◆ **TASK INSTRUCTIONS**
Please repeat exactly the lines below from the one containing "Paper Reflections Small" down to the one containing "Snowman facebook game", both included, and nothing else.
DATA FOR REVIEW START
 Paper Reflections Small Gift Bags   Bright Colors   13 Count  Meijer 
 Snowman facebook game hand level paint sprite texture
DATA FOR REVIEW END
DATA FOR REVIEW START
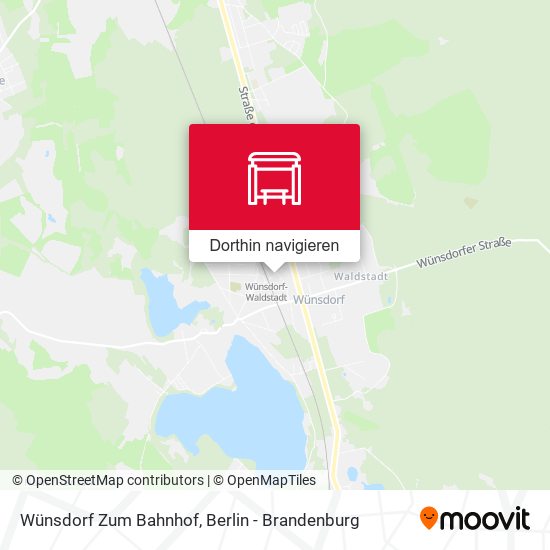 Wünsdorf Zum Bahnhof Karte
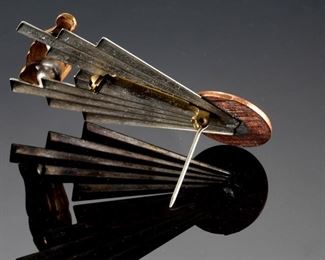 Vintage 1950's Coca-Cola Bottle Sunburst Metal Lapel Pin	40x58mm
DATA FOR REVIEW END
DATA FOR REVIEW START
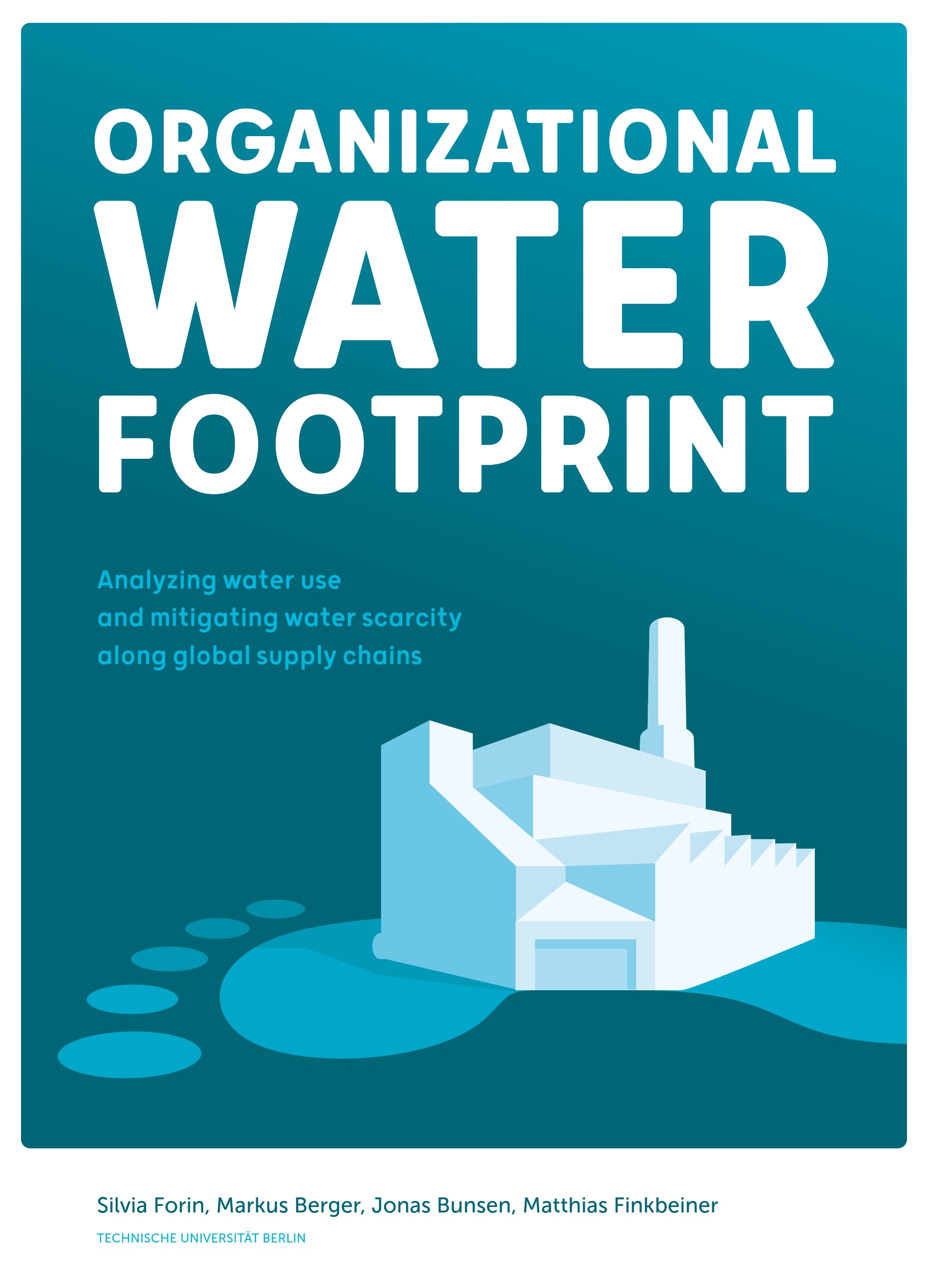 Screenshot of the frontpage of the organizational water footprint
DATA FOR REVIEW END
◆ **RESULT OF THE EXERCISE**
 Paper Reflections Small Gift Bags   Bright Colors   13 Count  Meijer 
 Snowman facebook game hand level paint sprite texture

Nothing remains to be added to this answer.